Rating: Summary: Econ 101 Review: This book provides a far more clear explanation of the ideas of standard economic theory (neo-classical economics) than do the standard texts (compare with Samuelson, Mankiw, or Barro, e.g.). The book explains utility maximization, indifference curves, and the assumptions underlying the standard economic model that is used by the IMF, the World Bank and all major western governments. Keen uses simple language that even the lay person can follow. The text should be standard reading for every student of elementary economics, but even an experienced economist like Alan Greenspan might benefit from the clarity of thought displayed therein. Macroeconomic theory is covered from the right perspective, from the result of Sonnenshein et all which shows the basis in microeconomic theory for the standard macroeconomic model. Kirman is mentioned but his seminal connection of liquidity demand with uncertainty is not discussed. The work of Radner should have been included, but then Samuelson and Varian do not discuss Radner's contribution either.Chapter 7 presents the correct perspective on general equilibrium theory, with good advice for students of econ 101.Chapter 8 on Keynes is outstanding, presenting the clearest (and even correct!) textbook discussion of Keynes that I am aware of. Marx's contribution to the basis of capitalism, the recognition of the central role played by the profit motive, is also made apparent in the Keynsian context. The profit motive is ignored completely in Samuelson and the other standard texts, which discuss merely pure barter economies and leave out financial markets altogether. Hicks' interpretation of Keynes' ideas is also correctly presented. All in all, students of economics would be well advised to make Keen's book their main econ text.
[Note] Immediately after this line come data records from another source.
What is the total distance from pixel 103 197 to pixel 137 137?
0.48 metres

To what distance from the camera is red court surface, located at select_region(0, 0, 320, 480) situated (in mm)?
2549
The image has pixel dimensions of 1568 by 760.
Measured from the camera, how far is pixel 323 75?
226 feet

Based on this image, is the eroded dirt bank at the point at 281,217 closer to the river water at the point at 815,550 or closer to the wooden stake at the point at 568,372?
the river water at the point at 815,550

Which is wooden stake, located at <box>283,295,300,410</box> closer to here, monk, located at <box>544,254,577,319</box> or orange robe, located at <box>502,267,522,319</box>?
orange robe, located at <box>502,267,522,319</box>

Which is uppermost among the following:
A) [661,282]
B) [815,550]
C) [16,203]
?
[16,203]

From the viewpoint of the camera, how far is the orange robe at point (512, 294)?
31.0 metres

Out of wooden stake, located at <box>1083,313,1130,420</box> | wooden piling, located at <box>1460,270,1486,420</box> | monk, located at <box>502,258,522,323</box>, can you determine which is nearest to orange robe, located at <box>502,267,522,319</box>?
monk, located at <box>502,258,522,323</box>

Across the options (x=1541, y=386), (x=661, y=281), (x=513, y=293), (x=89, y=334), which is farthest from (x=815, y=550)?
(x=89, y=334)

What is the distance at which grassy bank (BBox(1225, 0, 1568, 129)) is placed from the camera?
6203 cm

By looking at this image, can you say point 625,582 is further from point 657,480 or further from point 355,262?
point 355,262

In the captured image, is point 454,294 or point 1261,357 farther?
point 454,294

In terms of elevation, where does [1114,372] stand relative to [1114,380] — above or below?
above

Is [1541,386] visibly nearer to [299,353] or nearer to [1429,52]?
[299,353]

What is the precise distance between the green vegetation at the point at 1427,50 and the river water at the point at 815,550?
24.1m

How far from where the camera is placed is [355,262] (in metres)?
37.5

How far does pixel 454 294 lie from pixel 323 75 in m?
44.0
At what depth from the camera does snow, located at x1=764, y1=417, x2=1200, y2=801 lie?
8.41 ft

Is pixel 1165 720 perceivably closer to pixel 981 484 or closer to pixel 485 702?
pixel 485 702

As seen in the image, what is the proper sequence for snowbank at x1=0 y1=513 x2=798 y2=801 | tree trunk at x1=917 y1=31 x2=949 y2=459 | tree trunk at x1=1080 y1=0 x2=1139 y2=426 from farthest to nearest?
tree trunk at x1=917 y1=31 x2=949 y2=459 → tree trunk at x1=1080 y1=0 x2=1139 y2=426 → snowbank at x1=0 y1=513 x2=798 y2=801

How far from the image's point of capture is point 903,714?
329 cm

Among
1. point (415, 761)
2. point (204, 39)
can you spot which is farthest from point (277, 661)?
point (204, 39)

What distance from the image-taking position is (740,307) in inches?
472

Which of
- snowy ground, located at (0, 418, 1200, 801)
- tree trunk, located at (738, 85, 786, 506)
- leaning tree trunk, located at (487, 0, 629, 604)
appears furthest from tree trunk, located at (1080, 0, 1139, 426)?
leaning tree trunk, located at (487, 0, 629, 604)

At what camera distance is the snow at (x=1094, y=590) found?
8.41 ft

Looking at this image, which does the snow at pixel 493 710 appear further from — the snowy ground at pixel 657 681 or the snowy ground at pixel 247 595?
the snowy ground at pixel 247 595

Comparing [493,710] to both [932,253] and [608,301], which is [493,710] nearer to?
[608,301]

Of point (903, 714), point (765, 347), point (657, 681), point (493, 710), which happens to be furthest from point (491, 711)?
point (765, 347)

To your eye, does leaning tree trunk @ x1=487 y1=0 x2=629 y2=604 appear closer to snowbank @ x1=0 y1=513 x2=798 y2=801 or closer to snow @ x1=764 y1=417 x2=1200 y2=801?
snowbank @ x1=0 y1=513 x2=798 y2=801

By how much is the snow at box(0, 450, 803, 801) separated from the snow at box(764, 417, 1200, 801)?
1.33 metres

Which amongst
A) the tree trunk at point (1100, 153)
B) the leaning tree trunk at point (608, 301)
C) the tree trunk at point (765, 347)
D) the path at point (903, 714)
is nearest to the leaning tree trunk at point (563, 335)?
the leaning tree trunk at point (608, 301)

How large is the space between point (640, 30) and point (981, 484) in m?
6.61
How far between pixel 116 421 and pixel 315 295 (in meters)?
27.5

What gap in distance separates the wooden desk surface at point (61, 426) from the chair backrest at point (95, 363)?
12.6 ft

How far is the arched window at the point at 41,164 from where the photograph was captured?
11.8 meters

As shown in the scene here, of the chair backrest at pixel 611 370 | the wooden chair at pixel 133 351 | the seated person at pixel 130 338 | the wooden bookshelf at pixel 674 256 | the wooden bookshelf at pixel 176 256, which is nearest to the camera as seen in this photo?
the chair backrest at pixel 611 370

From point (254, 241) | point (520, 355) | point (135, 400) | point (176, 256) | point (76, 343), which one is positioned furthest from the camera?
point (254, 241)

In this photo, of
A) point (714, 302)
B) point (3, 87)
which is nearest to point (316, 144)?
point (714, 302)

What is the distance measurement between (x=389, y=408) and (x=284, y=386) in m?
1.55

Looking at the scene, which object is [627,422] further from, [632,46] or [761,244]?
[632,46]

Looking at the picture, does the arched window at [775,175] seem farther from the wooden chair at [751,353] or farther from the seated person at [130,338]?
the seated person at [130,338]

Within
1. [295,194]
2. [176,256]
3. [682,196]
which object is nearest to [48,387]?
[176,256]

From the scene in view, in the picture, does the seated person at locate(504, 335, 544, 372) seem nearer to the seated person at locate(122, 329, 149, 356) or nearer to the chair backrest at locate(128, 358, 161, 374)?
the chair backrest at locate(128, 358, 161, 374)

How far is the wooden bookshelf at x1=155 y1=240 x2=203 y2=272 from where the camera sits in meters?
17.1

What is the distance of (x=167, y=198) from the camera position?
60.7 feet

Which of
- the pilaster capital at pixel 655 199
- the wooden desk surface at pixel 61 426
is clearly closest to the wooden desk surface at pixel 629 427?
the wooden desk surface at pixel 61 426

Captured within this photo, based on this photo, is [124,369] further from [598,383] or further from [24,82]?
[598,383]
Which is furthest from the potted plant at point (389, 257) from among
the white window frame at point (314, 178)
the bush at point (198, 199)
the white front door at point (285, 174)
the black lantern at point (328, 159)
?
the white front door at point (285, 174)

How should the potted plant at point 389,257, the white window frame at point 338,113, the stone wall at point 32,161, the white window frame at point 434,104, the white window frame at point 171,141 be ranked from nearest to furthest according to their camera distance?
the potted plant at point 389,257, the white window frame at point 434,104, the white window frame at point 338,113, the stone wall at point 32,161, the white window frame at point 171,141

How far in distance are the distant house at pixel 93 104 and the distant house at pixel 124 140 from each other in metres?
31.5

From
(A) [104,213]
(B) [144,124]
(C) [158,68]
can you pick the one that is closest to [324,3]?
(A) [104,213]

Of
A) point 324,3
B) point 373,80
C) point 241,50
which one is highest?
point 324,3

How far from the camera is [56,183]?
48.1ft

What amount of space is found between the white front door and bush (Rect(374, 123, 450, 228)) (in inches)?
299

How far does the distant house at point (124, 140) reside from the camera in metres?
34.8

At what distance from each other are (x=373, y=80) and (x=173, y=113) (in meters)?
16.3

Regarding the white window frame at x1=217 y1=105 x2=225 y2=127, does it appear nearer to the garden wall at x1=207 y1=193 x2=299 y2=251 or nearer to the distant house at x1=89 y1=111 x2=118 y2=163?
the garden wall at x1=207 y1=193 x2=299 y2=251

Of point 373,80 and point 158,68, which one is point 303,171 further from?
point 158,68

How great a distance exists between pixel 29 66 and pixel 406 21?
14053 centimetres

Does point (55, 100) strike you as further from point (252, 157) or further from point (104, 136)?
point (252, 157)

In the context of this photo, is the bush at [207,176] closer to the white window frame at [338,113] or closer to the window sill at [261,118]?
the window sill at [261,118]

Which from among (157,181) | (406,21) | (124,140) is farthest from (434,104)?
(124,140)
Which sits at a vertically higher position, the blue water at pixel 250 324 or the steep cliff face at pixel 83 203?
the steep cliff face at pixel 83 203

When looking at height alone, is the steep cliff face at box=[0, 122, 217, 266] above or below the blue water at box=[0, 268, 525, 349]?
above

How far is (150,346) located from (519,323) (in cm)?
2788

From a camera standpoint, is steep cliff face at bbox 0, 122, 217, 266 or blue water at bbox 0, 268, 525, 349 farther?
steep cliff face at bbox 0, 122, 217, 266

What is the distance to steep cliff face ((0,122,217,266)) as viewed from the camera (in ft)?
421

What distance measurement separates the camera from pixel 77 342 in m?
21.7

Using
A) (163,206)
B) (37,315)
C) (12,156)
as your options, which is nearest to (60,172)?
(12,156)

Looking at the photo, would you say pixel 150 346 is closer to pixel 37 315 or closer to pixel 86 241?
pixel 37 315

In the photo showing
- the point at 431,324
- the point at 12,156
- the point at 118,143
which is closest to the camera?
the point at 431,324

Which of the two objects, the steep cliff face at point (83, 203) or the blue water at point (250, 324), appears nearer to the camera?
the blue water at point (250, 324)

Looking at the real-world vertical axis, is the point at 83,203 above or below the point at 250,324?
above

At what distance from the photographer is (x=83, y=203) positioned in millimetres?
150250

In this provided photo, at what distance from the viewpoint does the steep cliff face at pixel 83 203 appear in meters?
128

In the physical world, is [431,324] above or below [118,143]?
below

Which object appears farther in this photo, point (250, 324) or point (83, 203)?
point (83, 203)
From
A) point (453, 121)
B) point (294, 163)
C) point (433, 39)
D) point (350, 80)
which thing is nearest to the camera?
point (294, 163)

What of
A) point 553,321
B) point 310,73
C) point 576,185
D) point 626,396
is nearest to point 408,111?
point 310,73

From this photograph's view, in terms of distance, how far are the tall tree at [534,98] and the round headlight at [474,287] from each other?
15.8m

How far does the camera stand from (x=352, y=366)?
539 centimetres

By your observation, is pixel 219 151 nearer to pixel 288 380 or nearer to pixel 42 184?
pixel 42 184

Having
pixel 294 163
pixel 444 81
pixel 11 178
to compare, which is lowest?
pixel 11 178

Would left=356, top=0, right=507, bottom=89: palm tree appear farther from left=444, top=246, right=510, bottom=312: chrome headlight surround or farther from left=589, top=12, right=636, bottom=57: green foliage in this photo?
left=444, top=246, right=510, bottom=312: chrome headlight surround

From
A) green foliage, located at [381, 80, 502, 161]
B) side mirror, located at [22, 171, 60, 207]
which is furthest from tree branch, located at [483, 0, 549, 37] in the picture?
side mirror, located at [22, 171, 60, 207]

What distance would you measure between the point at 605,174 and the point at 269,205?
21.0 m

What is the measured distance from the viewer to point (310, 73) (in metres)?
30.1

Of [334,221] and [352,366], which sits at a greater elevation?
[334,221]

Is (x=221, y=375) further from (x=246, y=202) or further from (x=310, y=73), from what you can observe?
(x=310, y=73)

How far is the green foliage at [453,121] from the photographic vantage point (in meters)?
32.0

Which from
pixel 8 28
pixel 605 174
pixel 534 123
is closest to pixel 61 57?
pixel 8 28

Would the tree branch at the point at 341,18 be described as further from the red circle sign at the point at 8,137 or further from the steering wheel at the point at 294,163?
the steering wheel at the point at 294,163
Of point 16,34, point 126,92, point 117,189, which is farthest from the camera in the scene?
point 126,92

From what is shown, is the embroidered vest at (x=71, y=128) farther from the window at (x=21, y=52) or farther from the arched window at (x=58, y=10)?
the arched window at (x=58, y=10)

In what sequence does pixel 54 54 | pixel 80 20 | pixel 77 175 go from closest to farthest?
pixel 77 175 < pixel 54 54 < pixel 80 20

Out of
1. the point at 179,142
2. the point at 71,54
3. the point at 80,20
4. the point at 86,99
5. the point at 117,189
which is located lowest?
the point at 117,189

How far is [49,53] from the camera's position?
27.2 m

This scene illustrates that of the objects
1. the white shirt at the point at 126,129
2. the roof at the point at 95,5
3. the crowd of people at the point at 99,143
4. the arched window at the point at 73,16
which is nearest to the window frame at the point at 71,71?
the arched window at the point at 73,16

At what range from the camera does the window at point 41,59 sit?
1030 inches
Rating: Summary: At Last !!! Review: This is a tremendous book which is written in such a way to be of use to both the novice and the 'expert' in any field/sub-specialism of economics. Most undergrad economics training is still steeped in the neoclassical tradition. This book presents the neoclassical paradigm in a most lucid fashion (moreso than many conventional and popular texts) and simultaneously refutes even the most basic tenets on which the paradigm is built. Prof Keen also tackles some rival theories. Progressing through this book I kept feeling drawn to some of the structuralist models, but alas, these are not specifically covered to any significant degree. This book is already on my 10 favourite of all time (see my list). My recommendation for the person to whom neoclassical economics and/or challenges to it are new is to start with this great work and then go on to some of the structuralist and IP literature (suggest: Prebisch; Lewis; Beckford; Lall to start). Specifically for the "non-economist" in the developing world - this helps explain why people have had to pay such a high price as a result of neo-liberal policy imposed on LDC's. It will also help resolve the issue of how within the profession we can brutally criticise our models yet at the same time reject the commonly heard lay-person's judgement of economics as a 'failure'. Reading this we should remember that it is no more a failure than engineering or medicine: these sciences are also supported by evolving masses of paradgims,theories, observations etc.